Em sua opinião, por que não houve grande cobertura da Habitat III por parte da imprensa brasileira?

NS: A questão urbana dentro de uma dimensão internacional não consegue despertar a sensibilização da sociedade em geral. A agenda ambiental é a que mais mobiliza. Como houve recentemente o processo de construção da Agenda 2030, dos Objetivos de Desenvolvimento Sustentável, e depois a mobilização da COP21 no ano passado, que trouxe o Acordo de Paris, os esforços da cobertura midiática tem dado ênfase na questão climática.

Eu acho que no Brasil não teve tanto destaque como teve em outros momentos por conta da conjuntura política do país. A delegação brasileira compareceu sem um ministro, não teve uma autoridade máxima presente que pudesse gerar maior interesse por parte da mídia.

Mas ao meu ver o grande desafio foi conseguir um espaço próprio. A NAU é muito mais do que um capítulo do Objetivo 11 (dos ODS), ela aponta uma visão mais adequada com relação à dimensão do território do que a própria Agenda 2030 e a COP21, as quais praticamente não falam sobre cidades. O Acordo de Paris, por exemplo, de fato não aborda cidades, problemas urbanos, assentamentos.

E como foi essa representação do Brasil lá?

NS: Basicamente sem grandes destaques. A delegação oficial participou da Conferência, se posicionou e participou de alguns eventos que já estavam organizados pelos governos. Mas é importante destacar que o Brasil foi um país que participou de todo processo preparatório da Conferência, foi um dos que liderou a defesa do Direito à Cidade, o que foi importante, pois a partir disso muitos países fizeram seus pronunciamentos destacando o Direito à Cidade.

Quais foram as contribuições que o Instituto Pólis levou para a Habitat?

NS: Foi ter conseguido sistematizar a noção de Direito à Cidade e levar isso para vários espaços da Conferência. Ter conseguido criar esse diálogo de receptividade, desde os eventos organizados por nós até vários espaços que tivemos de diálogo e interlocução com algumas organizações.

Também tivemos uma reunião com a direção do Alto Comissariado de Direitos Humanos, com a relatora especial da ONU, Leilani Farha, para pensar algumas estratégias do Direito à Cidade dentro do campo dos direitos humanos. Assim fomentando, alimentando e trazendo propostas de como dar seguimento através da Plataforma Global pelo Direito à Cidade, buscando contribuir e trazer um diálogo com o que estava ocorrendo na conferência da Habitat III.
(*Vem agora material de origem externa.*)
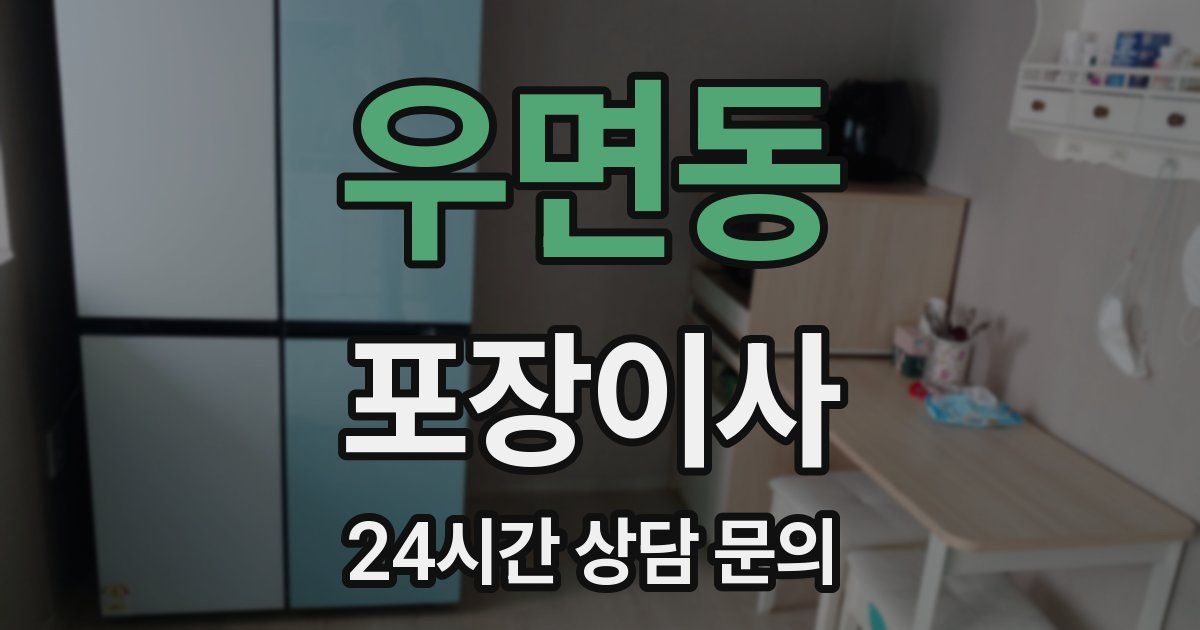 우면동 포장이사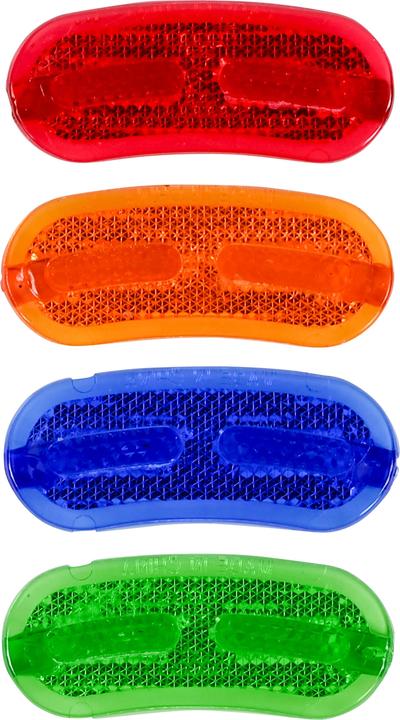 Image du produit Benson Jeu de réflecteurs de rayons velo ovale 4 pcs
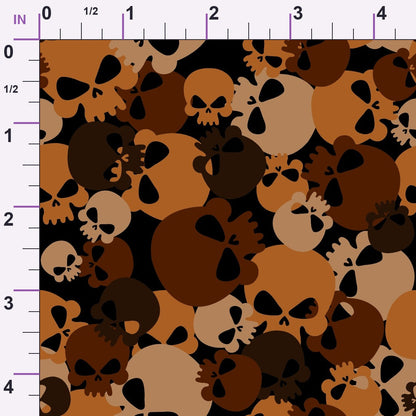 Bone Brigade Pattern 2 Minky Fabric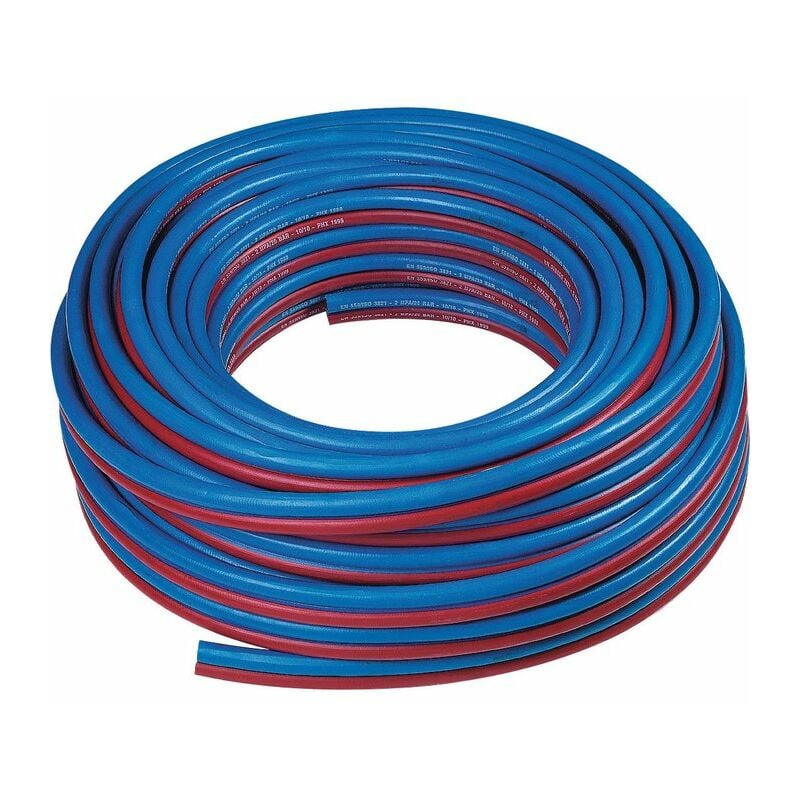 Besoin D'habitat - Tuyau caoutchouc bleu - rouge (oxygène - acétylène) - gce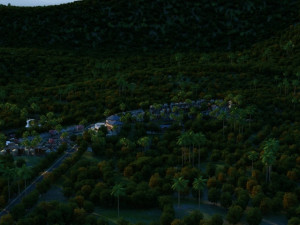 small town Modèle 3D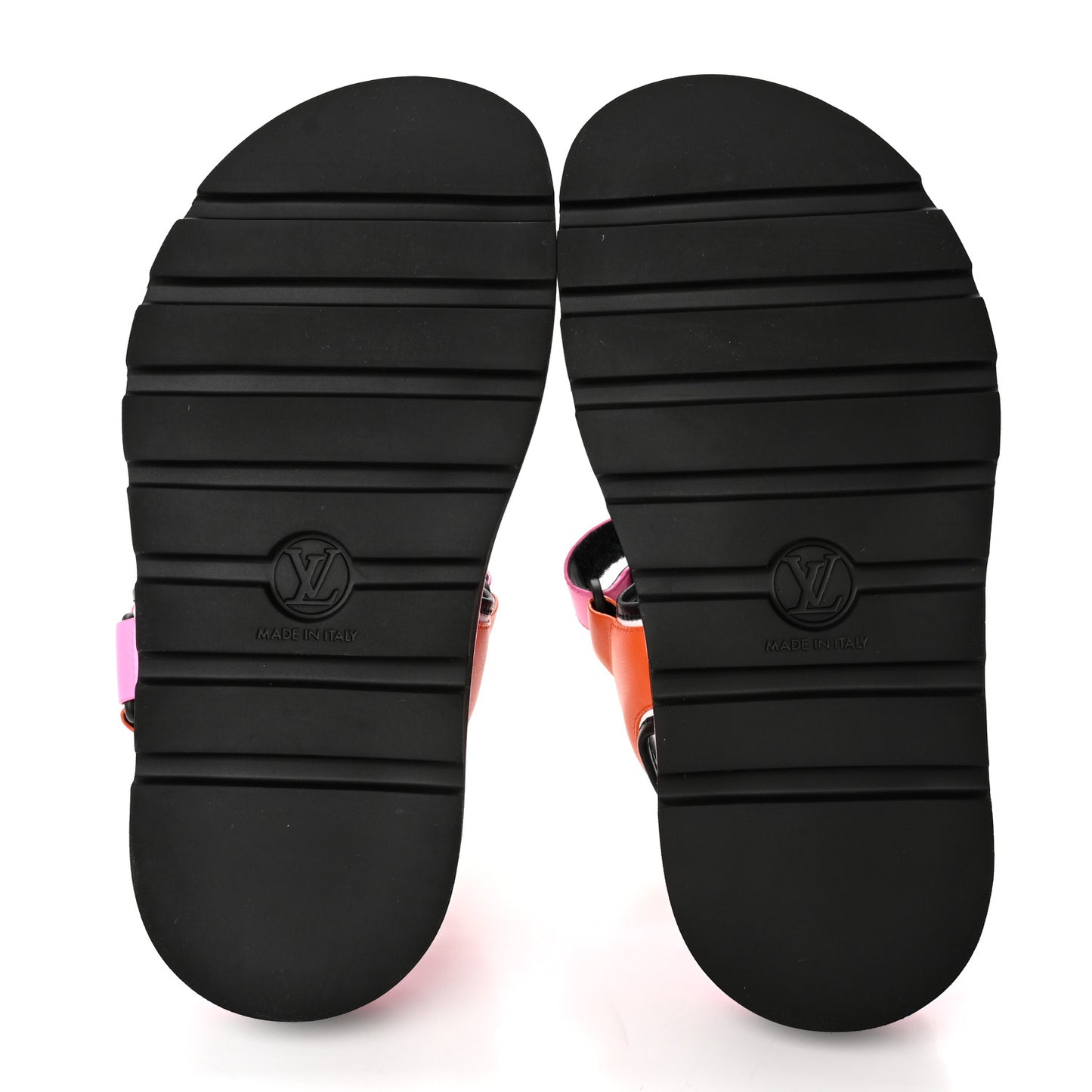 Calfskin Monogram Pool Pillow Flat Comfort Sandals 38 Pink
O que ficou de encaminhamento, de próximos espaços, para efetivar a NAU?

NS: Nós fomos colocando ao longo de toda Conferência as formas de implementação, implementando a perspectiva do Direito à Cidade. Defendemos que não é preciso partir de um marco zero, mas sim de propostas que já foram feitas na próprio processo da Conferência, as Policy Units, os documentos políticos preparatórios. Eles foram concebidos não só para pensar os temas, mas as formas de implementação, estratégias e quais medidas deveriam ser tomadas e até chegar a indicadores de resultados. Então no caso do Direito à Cidade existe um conjunto de propostas e ações desenvolvidas nesse documento, o qual deve ser um ponto de partida para defender ações que já poderiam ser pensadas para a implementação do direito com base do que foi estabelecido na NAU.

Um outro passo que demos, a partir de um documento que disseminamos lá, foi sobre a operacionalização do Direito à Cidade. É o documento da Plataforma Global pelo Direito à Cidade com um conjunto de experiências de projetos e políticas para a implementação do Direito à Cidade.
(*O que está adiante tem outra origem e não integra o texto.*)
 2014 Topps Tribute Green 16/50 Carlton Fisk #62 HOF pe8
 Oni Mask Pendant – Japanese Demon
Uma das primeiras ações que nós vamos ter enquanto Plataforma é um mapeamento de como as organizações estão planejando, dentro de suas temáticas, promover ações mais concretas, incluindo governos locais, organizações e redes da Plataforma. Nós já temos um mapeamento embrionário de ações e experiências registrada. Então a ideia é começar a disseminar para os governos e organizações terem algumas referências, e fortalecer essa linha de capacitação e formação conjugando com a NAU.